United States Court of Appeals
For the First Circuit
No. 14-1710
JONATHAN HERICAR LEDESMA-SÁNCHEZ,
Petitioner,
v.
LORETTA E. LYNCH, Attorney General of the United States,*
Respondent.
PETITION FOR REVIEW OF AN ORDER OF THE
BOARD OF IMMIGRATION APPEALS
Before
Torruella, Thompson, and Barron,
Circuit Judges.
Lawrence Gatei and Immigration & Business Law Group, LLP on
brief for petitioner.
Joseph D. Hardy, Trial Attorney, Office of Immigration
Litigation, Civil Division, U.S. Department of Justice, Joyce R.
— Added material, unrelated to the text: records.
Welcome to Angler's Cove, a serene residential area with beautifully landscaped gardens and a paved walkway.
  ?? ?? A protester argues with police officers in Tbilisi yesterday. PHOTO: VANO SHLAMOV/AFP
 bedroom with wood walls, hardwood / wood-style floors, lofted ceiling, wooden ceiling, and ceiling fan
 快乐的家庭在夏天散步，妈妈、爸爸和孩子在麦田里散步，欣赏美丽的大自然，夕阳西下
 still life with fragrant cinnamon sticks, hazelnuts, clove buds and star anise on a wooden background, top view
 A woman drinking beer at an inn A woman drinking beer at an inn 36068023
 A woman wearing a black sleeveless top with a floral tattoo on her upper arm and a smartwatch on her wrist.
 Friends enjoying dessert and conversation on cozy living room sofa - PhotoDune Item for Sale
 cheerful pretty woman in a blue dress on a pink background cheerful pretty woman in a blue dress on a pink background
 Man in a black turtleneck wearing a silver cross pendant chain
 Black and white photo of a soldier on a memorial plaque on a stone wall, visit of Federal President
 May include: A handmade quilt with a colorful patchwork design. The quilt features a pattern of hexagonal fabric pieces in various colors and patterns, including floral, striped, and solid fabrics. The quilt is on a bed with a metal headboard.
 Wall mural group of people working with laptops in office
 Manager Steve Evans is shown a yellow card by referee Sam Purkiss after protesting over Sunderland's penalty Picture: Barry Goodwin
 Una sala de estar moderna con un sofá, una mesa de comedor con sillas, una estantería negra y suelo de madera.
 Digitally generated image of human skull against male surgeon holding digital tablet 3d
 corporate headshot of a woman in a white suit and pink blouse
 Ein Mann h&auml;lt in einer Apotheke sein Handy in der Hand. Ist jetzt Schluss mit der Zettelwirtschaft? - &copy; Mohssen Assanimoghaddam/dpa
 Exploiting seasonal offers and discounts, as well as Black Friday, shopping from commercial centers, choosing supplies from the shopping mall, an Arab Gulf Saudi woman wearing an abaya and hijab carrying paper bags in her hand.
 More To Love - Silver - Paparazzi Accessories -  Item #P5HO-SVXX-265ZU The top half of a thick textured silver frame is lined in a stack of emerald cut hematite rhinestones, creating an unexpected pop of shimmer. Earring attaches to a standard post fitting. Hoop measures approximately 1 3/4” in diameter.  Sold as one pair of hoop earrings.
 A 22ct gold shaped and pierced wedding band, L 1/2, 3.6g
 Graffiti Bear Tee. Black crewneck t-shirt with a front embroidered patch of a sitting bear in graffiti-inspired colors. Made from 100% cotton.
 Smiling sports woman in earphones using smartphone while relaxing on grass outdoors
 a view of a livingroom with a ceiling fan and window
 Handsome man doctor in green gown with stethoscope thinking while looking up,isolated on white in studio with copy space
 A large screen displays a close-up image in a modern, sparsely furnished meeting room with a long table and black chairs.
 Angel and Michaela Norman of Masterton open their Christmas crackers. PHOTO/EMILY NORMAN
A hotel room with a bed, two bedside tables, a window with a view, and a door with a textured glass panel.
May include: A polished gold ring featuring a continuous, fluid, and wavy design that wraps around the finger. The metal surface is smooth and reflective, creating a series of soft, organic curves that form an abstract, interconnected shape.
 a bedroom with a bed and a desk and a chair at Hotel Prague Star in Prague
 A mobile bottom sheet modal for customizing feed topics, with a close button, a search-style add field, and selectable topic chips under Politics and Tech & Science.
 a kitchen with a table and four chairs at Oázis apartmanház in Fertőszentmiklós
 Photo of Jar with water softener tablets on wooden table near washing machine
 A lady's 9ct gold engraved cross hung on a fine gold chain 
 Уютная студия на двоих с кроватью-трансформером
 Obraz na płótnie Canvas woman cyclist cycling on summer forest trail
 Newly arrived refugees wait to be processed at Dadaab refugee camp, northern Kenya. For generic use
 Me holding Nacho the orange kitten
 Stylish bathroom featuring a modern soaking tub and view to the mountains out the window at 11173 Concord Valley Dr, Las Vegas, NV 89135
Branda, Acting Assistant Attorney General, Civil Division, and
Holly M. Smith, Senior Litigation Counsel, Office of Immigration
Litigation, Civil Division, on brief for respondent.
August 14, 2015
* Pursuant to Federal Rule of Appellate Procedure 43(c)(2),
Attorney General Loretta E. Lynch has been substituted for former
Attorney General Eric H. Holder, Jr. as respondent.
BARRON, Circuit Judge. This case concerns the
requirement that an alien facing removal keep immigration
authorities apprised of the alien's current address. Here, the
alien failed to do so, and, on that basis, the Board of Immigration
Appeals (BIA) denied his motion to reopen the removal proceedings,
which were held in absentia. We deny the petition for review.
I.
Jonathan Ledesma-Sánchez was born in the Dominican
Republic and admitted to the United States on a nonimmigrant visa.
He allegedly overstayed that visa. In March of 2010, a federal
official personally served Ledesma with what is known as a Notice
to Appear. That document charged Ledesma with being removable
from the United States for overstaying a nonimmigrant visa. See
8 U.S.C. § 1227(a)(1)(B). And the Notice to Appear ordered Ledesma
to appear before an immigration judge in Boston to adjudicate his
removability, at a date and time to be set.
The Notice to Appear informed Ledesma, as required by
statute, that he was obliged to provide immigration authorities
with his mailing address and telephone number. See id.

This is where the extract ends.